From Afonso Alves via Steven Bergwijn and Memphis to Hakim Ziyech, superstars from the Dutch league have to varying degrees failed to make this specific jump, and it is difficult at this point to say with any degree of certainty that Gakpo is going to be any different.

Furthermore, while Gakpo’s topline and underlying numbers are all very impressive, the fact that over half of his expected assists have come through set-pieces should be noted, as, although it is positive to add a set-piece specialist to the squad, given the team’s attacking weapons, there is just no chance the new man will be on free kick and corner duty over established takers Trent Alexander-Arnold and Andrew Robertson, and as such, a lot of the expected attacking contribution can be stricken before a ball has even been kicked.

Gakpo’s consistent overperformance to his expected goals numbers — creditable to the gorgeous shape and significant power he gets on his shots — covers up a tendency to take speculative shots from range, specifically the dreaded Coutinho-zone, and the Dutchman’s average chance quality sits at a mere .10 xG per shot, a number that must improve significantly if Reds fans are to avoid needless frustration in the coming six months.

The Dutchman also sometimes struggles to get the ball out from his feet to set up his shots, leading to scuffed or compacted efforts that fail to test the keeper.

For his size and frame, the 6’3 attacker does not present much of an aerial threat, having scored a total of only three headed goals in his career, and while he should be physically strong enough to deal with Premier League defenders, his lack of truly elite speed may hamper him in his dribbling endeavours at the top level.

Where Darwin Núñez is willing and Luis Díaz is maniacal, there are question marks about Gakpo’s ability to consistently generate aggressive, intelligent pressure on opposing ball carriers, especially for full games. With the Reds’ press currently struggling to impact games the way it has in seasons past, a new forward who can’t put the necessary effort in for 90 minutes could be a legitimate problem.

Finally, there is a question of fit. Gakpo nominally prefers the left-side channel, already manned by Luis Díaz, coveted by Fabio Carvalho, and occasionally occupied by Diogo Jota and Darwin Núñez. While it appears clear now that the latter two are intended to be used largely as centre-forwards, and half the group are currently injured anyway, there is still a lot of competition for that left-wing slot, and exactly what Jürgen Klopp’s masterplan is remains unclear.

The Reds going into January with Gakpo, Díaz, Darwin, Jota, Carvalho, Roberto Firmino and Mohamed Salah as front line options can either end up looking like an embarrassment of diverse riches, or a too many cooks situation. We’re keeping our fingers crossed for the former.

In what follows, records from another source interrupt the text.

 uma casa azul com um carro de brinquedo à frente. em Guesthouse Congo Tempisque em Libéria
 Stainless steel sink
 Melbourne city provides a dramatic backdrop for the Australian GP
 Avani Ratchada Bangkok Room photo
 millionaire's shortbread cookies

Summary: As will always be the case with transfers from lesse leagues, we have questions, both about ability to translate production, and exactly how Gakpo will fit into the Liverpool XI on a given week, but there is also significant upside, as the 23-year old has put up incredible top line numbers at high but not elite level, and offers a unique combination of skills and attributes that could potentially blossom at a club famed for its development of young attackers.

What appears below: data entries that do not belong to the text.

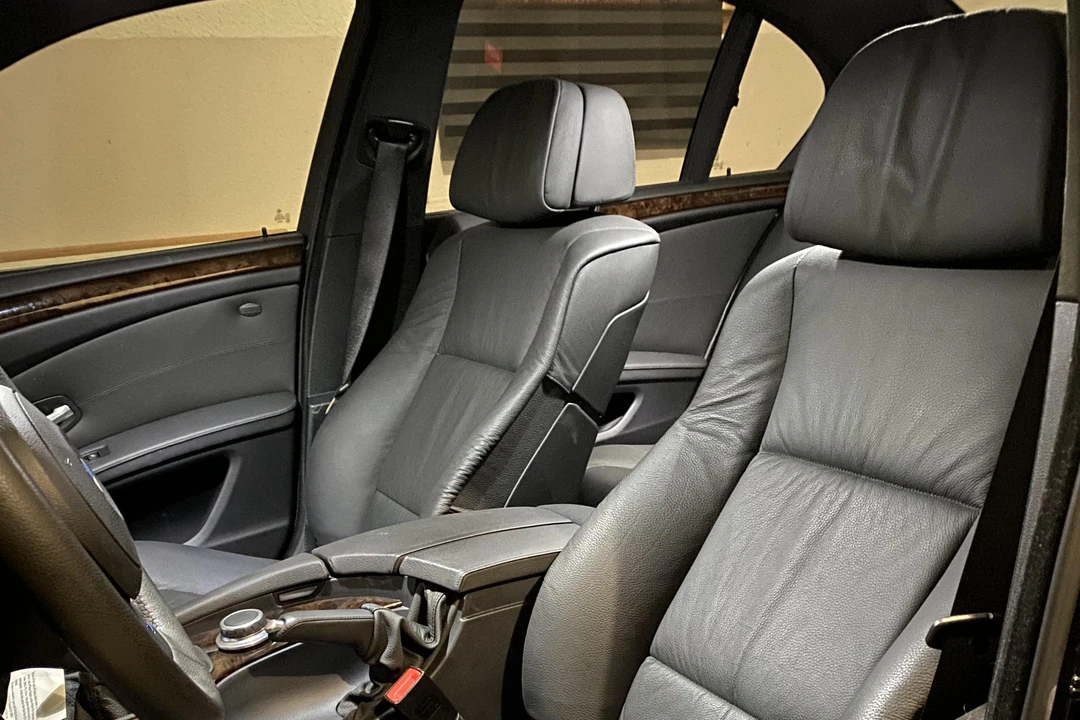 2008 BMW E60 545i & 550i Sedan - Image 24 of 31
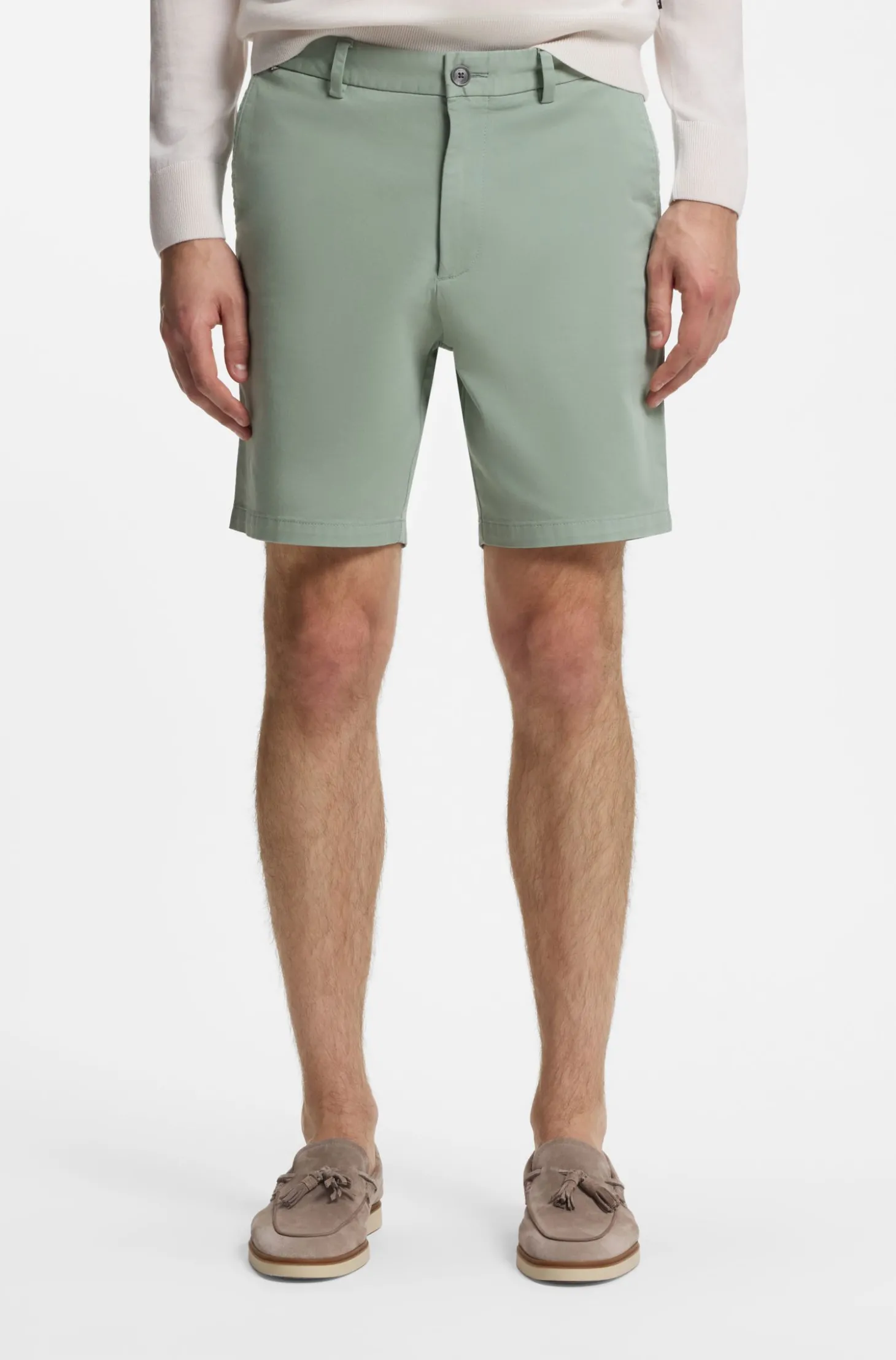 Modern-Fit Shorts aus überfärbtem elastischem Baumwoll-Twill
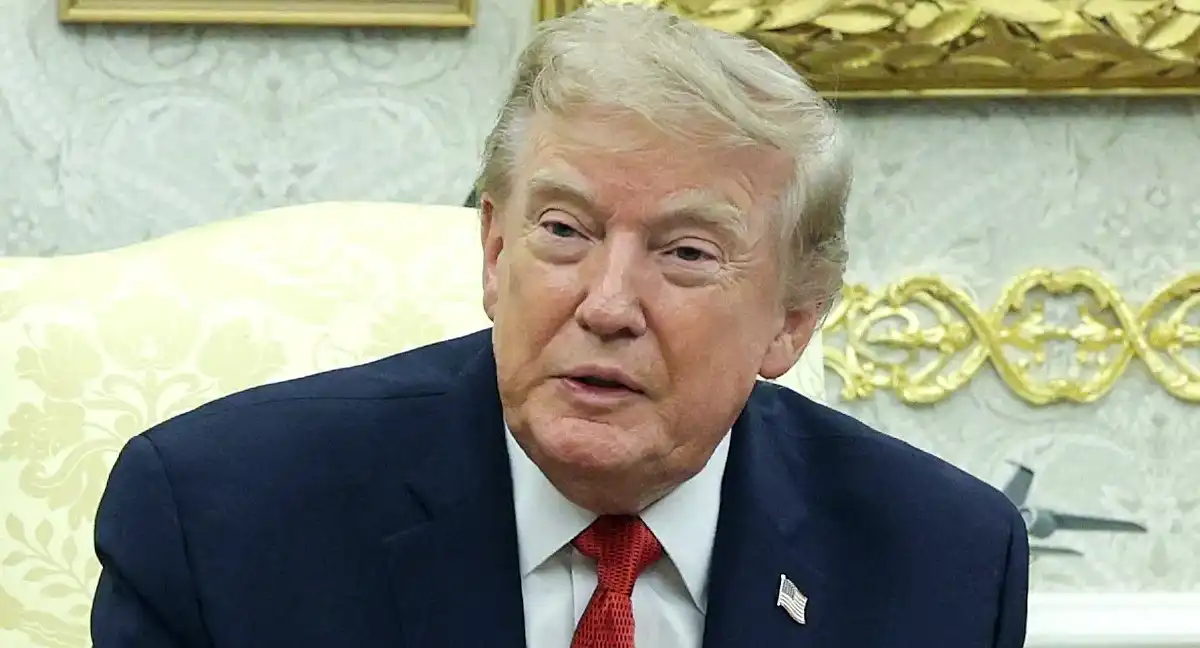 ایران فوراً ہتھیار ڈالے، عمان نے آبنائے ہرمز کھولنے میں رکاوٹ ڈالی تو بمباری کریں گے، ٹرمپ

The pieces may not fit as neatly and obviously as they did a few years ago, but the Reds have nearly completed the long-awaited rebuild of their attack, as five of the seven players competing for the front line spots are now 26 or younger, and the club should — assuming the signings develop as expected — be more or less set in the goalscoring department for the coming half decade. Cody Gakpo is going to be a part of that. Hopefully a big one.